Last I checked bleepingcomputer, ifixit, vibilagare.se, psyche.co and libreboot.org aren't personal sites.
None of those actually have an /about page, yet your site says they do...
Another funny thing: just search 404 or not found and you'll get a lot of 404 pages
Yes :(
Do you have an idea of how to remove company websites in an automated way? I didn't want to manually review all 7k indexed websites.
This is the GPT prompt I used for filtering domains to add, but it gives false positives:
For the 404s (assuming the status code isn't a 4xx), use a URL that you strongly suspect won't exist, then you can do a comparison (levenshtein distance, bag of words, etc.) to see if it's very similar to one of about, ideas, etc. pages.
Most are a 4xx code, I checked myself, some may be 301/302 redirect to 4xx not being handled properly by their crawler
Good point. We're using https://crawlee.dev, I think there's a way to handle more status codes as errors...
Right now it only excludes pages based on the text content: https://github.com/lindylearn/aboutideasnow/blob/main/apps/a...

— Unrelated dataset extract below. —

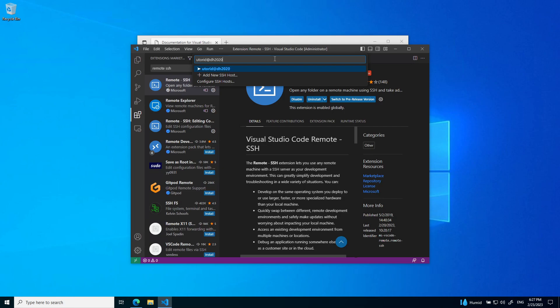Then you want to enter a PC number. In this case, I'm going to enter PC26. The different DH labs have different PC numbers, so you can try around. If one PC is not working, you can try a different PC number or lab. Then it's at utm.utoronto.ca.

I think openai embeddings API could be useful here. Perhaps one of the neurons responds to corporate speak.
Maybe change the API so that GPT can express uncertainty (make it a ternary value or even a confidence percentage), and then check the “uncertain” cases manually.
Yep, most of our systems end up exposing a parameter like that to the customer. Some people only like the system to take action if the system is very sure, hate incorrect action and prefer unprocessed stuff in a queue. Other customers hate unprocessed items and prefer to cleanup incorrect actions. Takes tinkering to find the best.
Great idea, I will try this. Thank you!!